• [WHAT THE TASK ASKS]
Could you repeat, word for word, the line with "TOMS Black Glitter Alpargata Women’s Size 7" and every line after it in the records below, leaving out any pictures?

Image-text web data
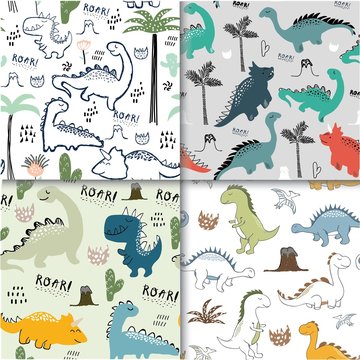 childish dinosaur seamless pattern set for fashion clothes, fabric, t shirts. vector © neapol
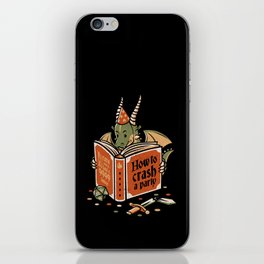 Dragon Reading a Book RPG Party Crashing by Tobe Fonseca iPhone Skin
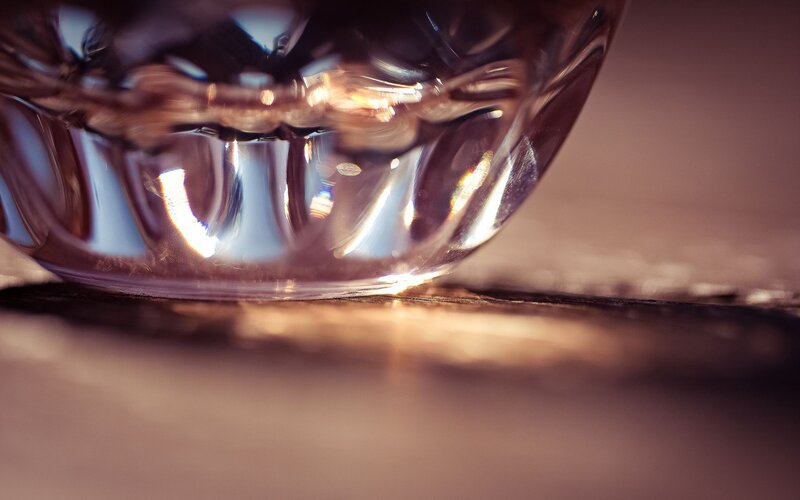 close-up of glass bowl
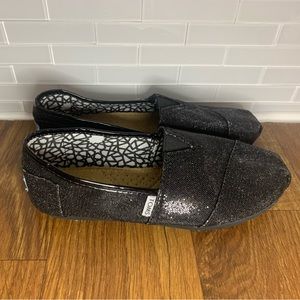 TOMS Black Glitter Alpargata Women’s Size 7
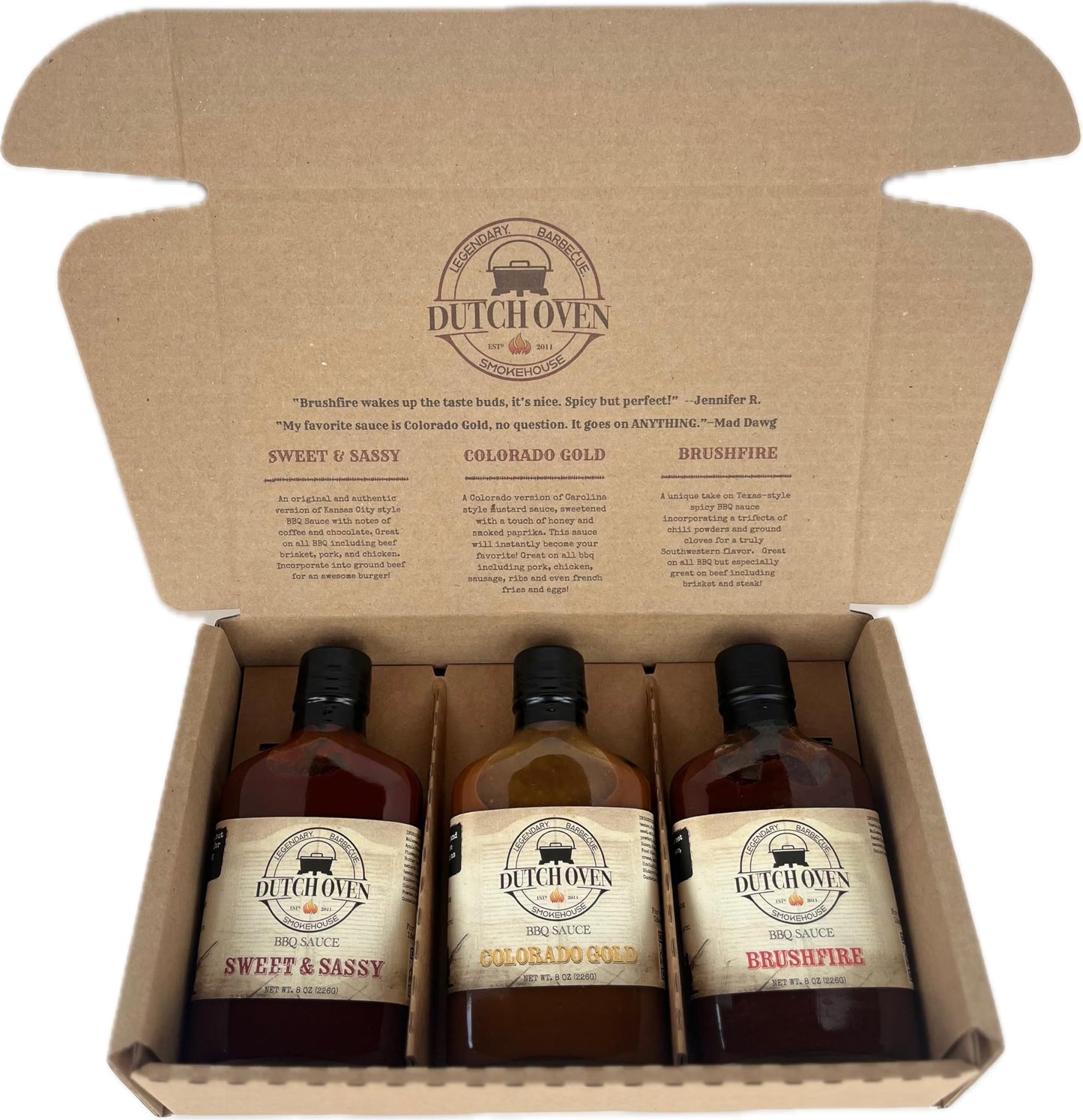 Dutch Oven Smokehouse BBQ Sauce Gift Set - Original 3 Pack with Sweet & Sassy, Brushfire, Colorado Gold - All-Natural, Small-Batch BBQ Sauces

• [SOLUTION TO THE EXERCISE]
 TOMS Black Glitter Alpargata Women’s Size 7
 Dutch Oven Smokehouse BBQ Sauce Gift Set - Original 3 Pack with Sweet & Sassy, Brushfire, Colorado Gold - All-Natural, Small-Batch BBQ Sauces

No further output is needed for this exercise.